(Dataset records)
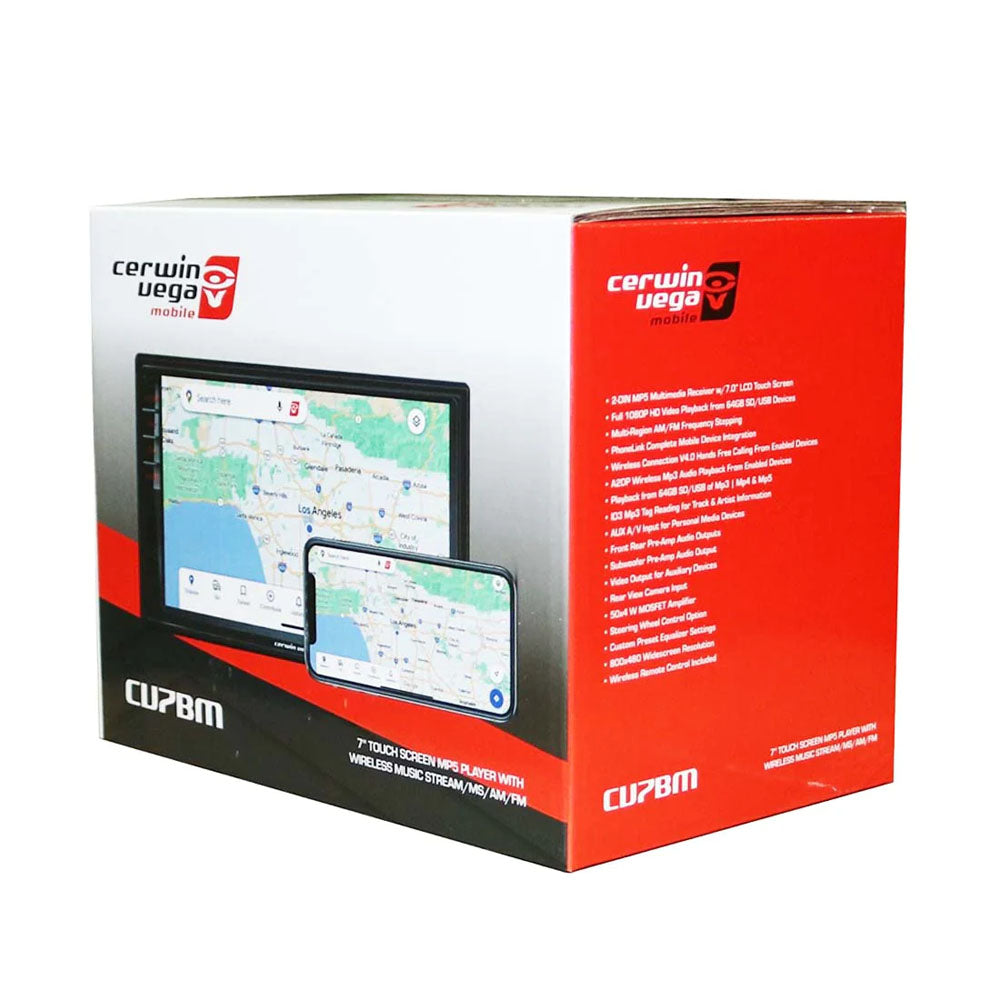 Cerwin Vega CV7BM 2 DIN Mechless MP5 Multimedia Receiver with 7 Inch LCD Touch Screen - Car Stereo System with Bluetooth, USB, AM/FM Radio - Perfect for Trucks, SUVs and Custom Car Audio Upgrades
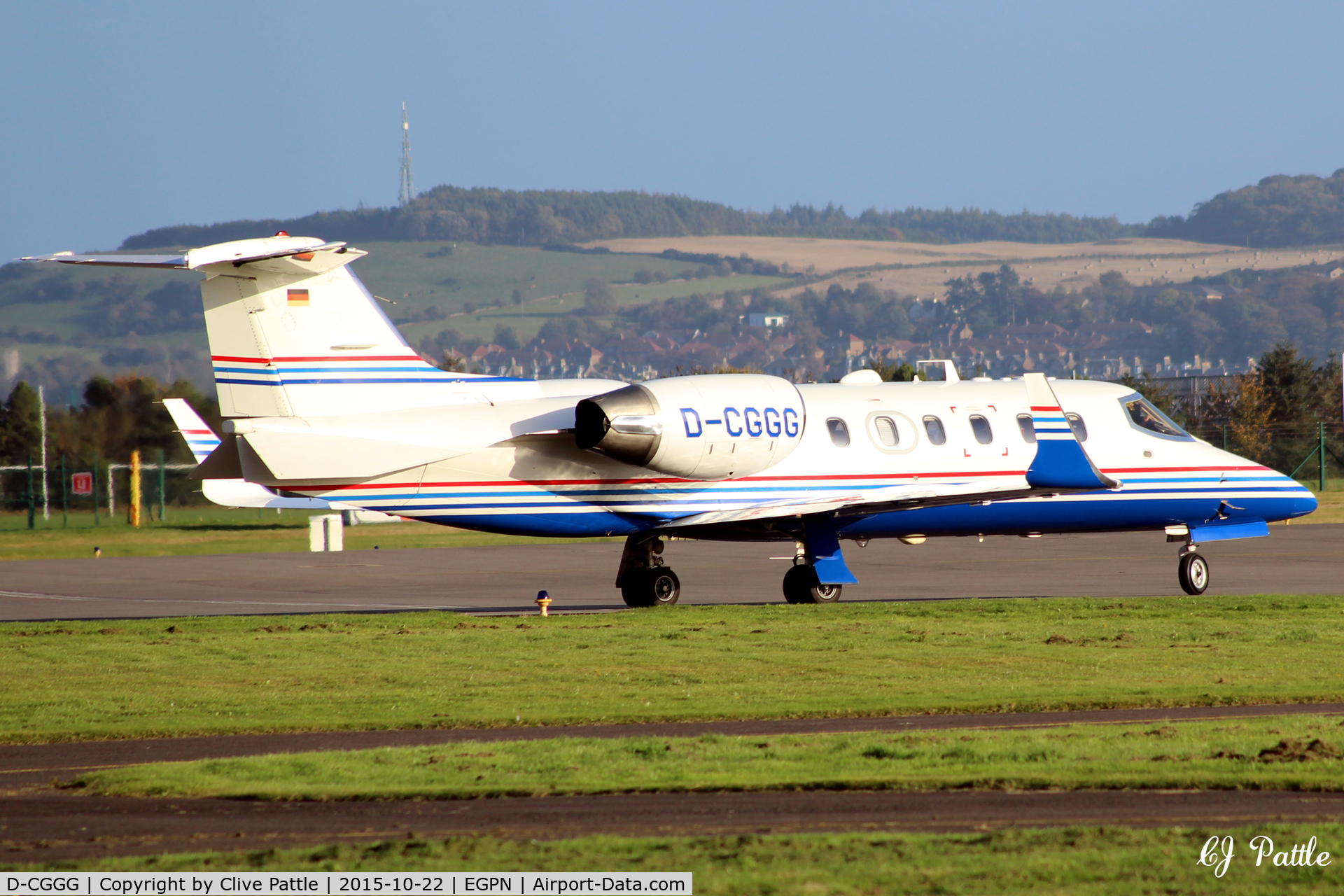 D-CGGG, 2001 Learjet 31A C/N 31A-227, Taxy for take-off from Dundee Riverside Airport EGPN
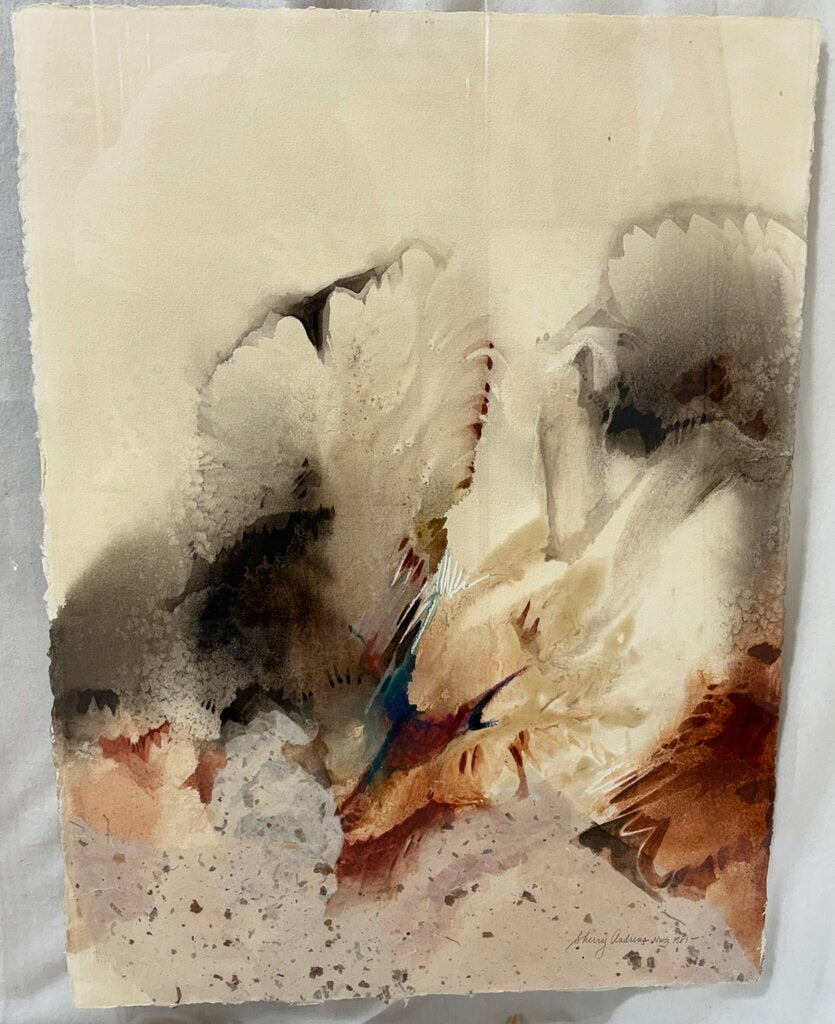 Sherry Andrens NSW 1981 Tryptic Watercolor on Fiber Paper Mounted in Acrylic Plates (3Pcs)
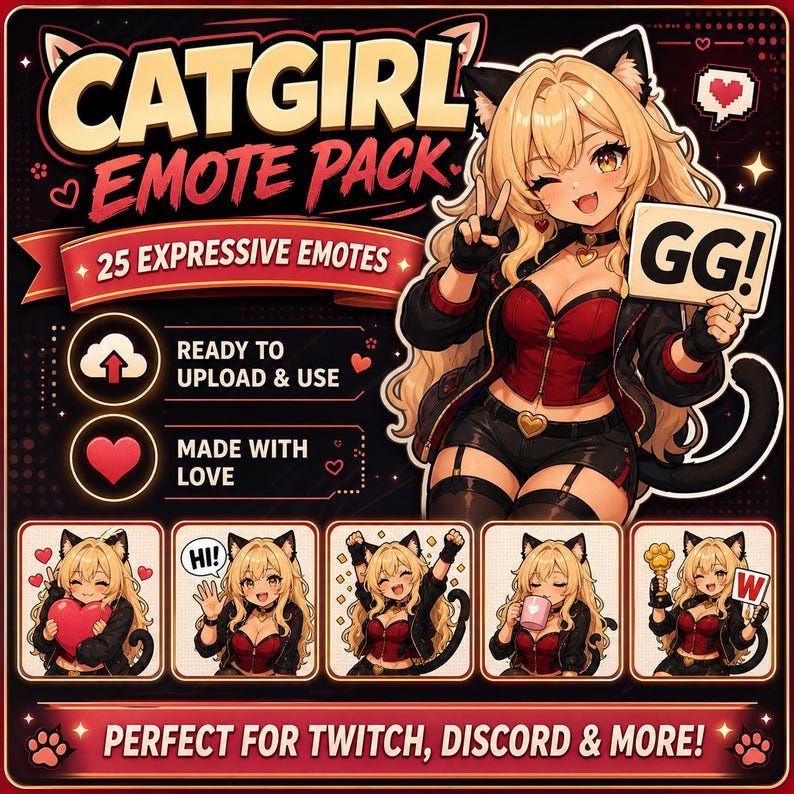 May include: A digital art graphic for a Catgirl Emote Pack. The image features a blonde anime-style character with cat ears, holding a sign that says "GG!". The pack includes 25 expressive emotes, ready to upload and use, made with love.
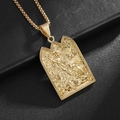 Gouden Sint-Joris drakendoder hanger ketting met vintage reliëf op zwart lederen achtergrond - Alleen gouden hanger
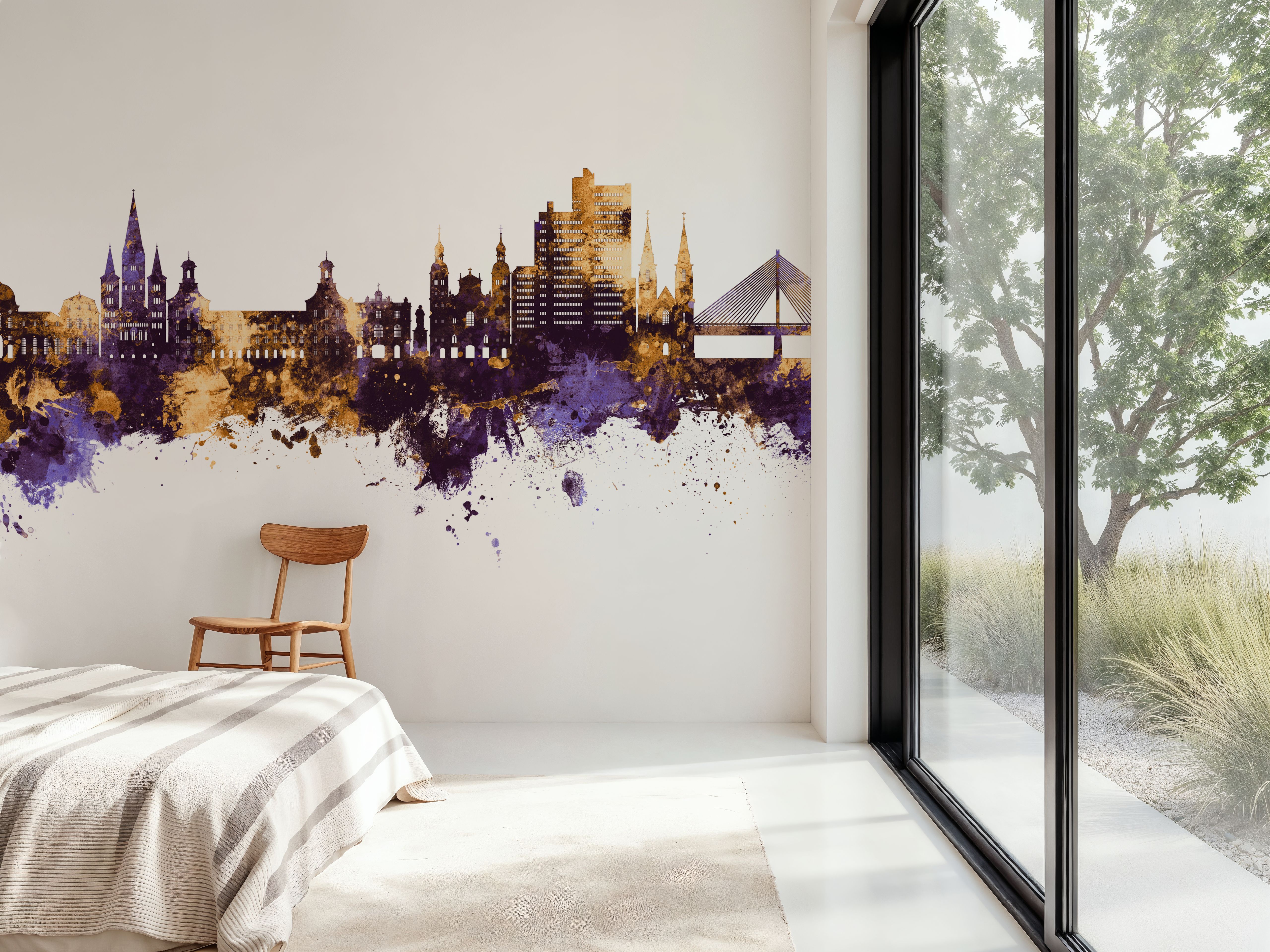 Bonn Skyline Purplr & Gold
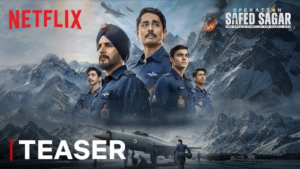 Five actors in Indian Air Force uniforms look forward against a background of snowy mountains and a fighter aircraft.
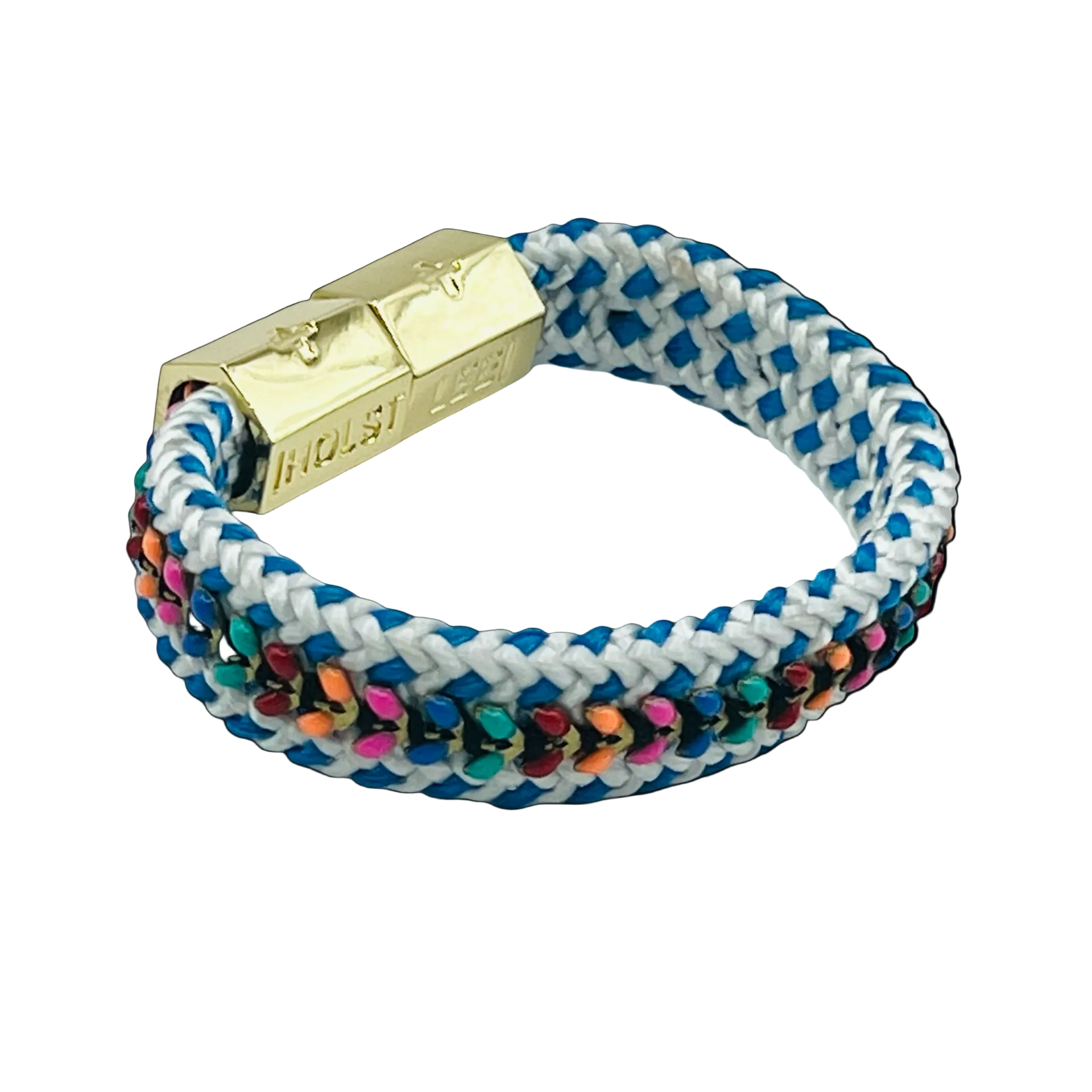 Blue, white, and multicolor jewel tone braided rope bracelet with 18k gold-filled magnetic clasped bracelet by HOLST+LEE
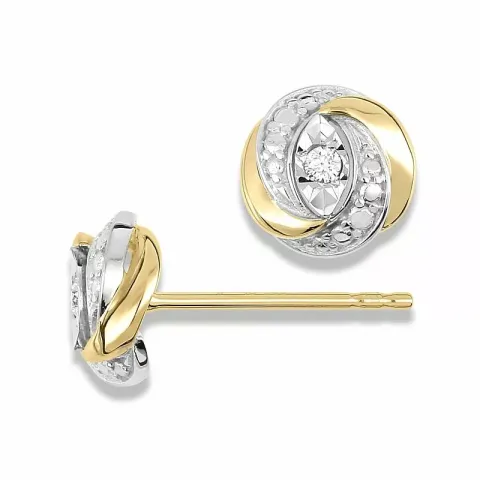runde diamantøreringe i 14 karat guld med rhodium med diamant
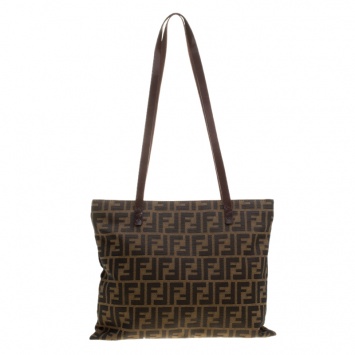 Pre Owned Fendi Tobacco Zucca Canvas Vintage Tote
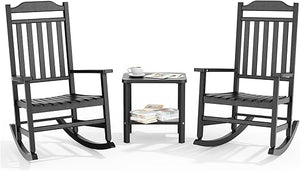 Outdoor Resin Rocking Chair Set of 2 – High Back Porch Rocker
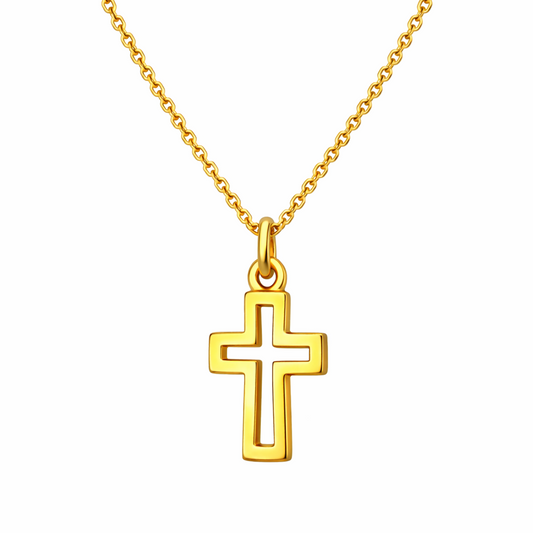 REGINA - Collar Cruz Contorno Chapa de Oro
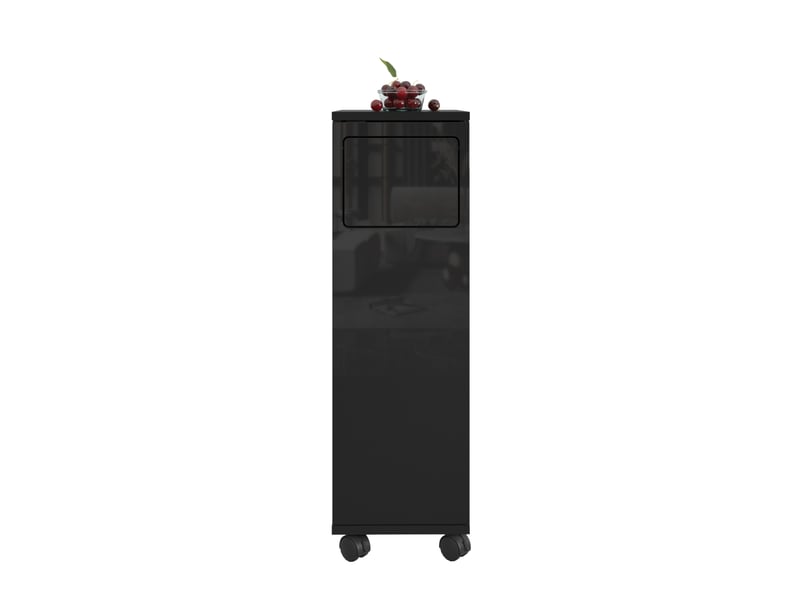  Meuble poubelle roulant 24,2 x 35,1 x 80,2 cm noir brillant mdf, porte à ouverture 180 degrés  - Conforama A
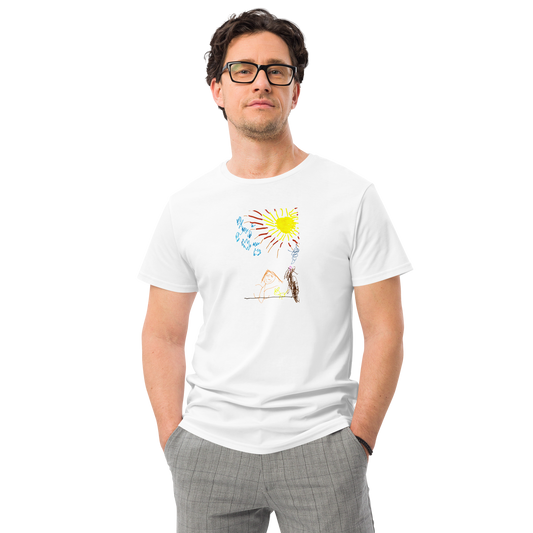 Men's Premium cotton T-shirt with your children drawing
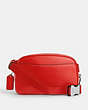 COACH®,PACE BELT BAG,Leather,Small,Silver/Miami Red,Back View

# Required work
Copy all of the entries verbatim, leaving out any pictures they contain.

# Expected output
 Cerwin Vega CV7BM 2 DIN Mechless MP5 Multimedia Receiver with 7 Inch LCD Touch Screen - Car Stereo System with Bluetooth, USB, AM/FM Radio - Perfect for Trucks, SUVs and Custom Car Audio Upgrades
 D-CGGG, 2001 Learjet 31A C/N 31A-227, Taxy for take-off from Dundee Riverside Airport EGPN
 Sherry Andrens NSW 1981 Tryptic Watercolor on Fiber Paper Mounted in Acrylic Plates (3Pcs)
 May include: A digital art graphic for a Catgirl Emote Pack. The image features a blonde anime-style character with cat ears, holding a sign that says "GG!". The pack includes 25 expressive emotes, ready to upload and use, made with love.
 Gouden Sint-Joris drakendoder hanger ketting met vintage reliëf op zwart lederen achtergrond - Alleen gouden hanger
 Bonn Skyline Purplr & Gold
 Five actors in Indian Air Force uniforms look forward against a background of snowy mountains and a fighter aircraft.
 Blue, white, and multicolor jewel tone braided rope bracelet with 18k gold-filled magnetic clasped bracelet by HOLST+LEE
runde diamantøreringe i 14 karat guld med rhodium med diamant
 Pre Owned Fendi Tobacco Zucca Canvas Vintage Tote
 Outdoor Resin Rocking Chair Set of 2 – High Back Porch Rocker
 REGINA - Collar Cruz Contorno Chapa de Oro
  Meuble poubelle roulant 24,2 x 35,1 x 80,2 cm noir brillant mdf, porte à ouverture 180 degrés  - Conforama A
 Men's Premium cotton T-shirt with your children drawing
 COACH®,PACE BELT BAG,Leather,Small,Silver/Miami Red,Back View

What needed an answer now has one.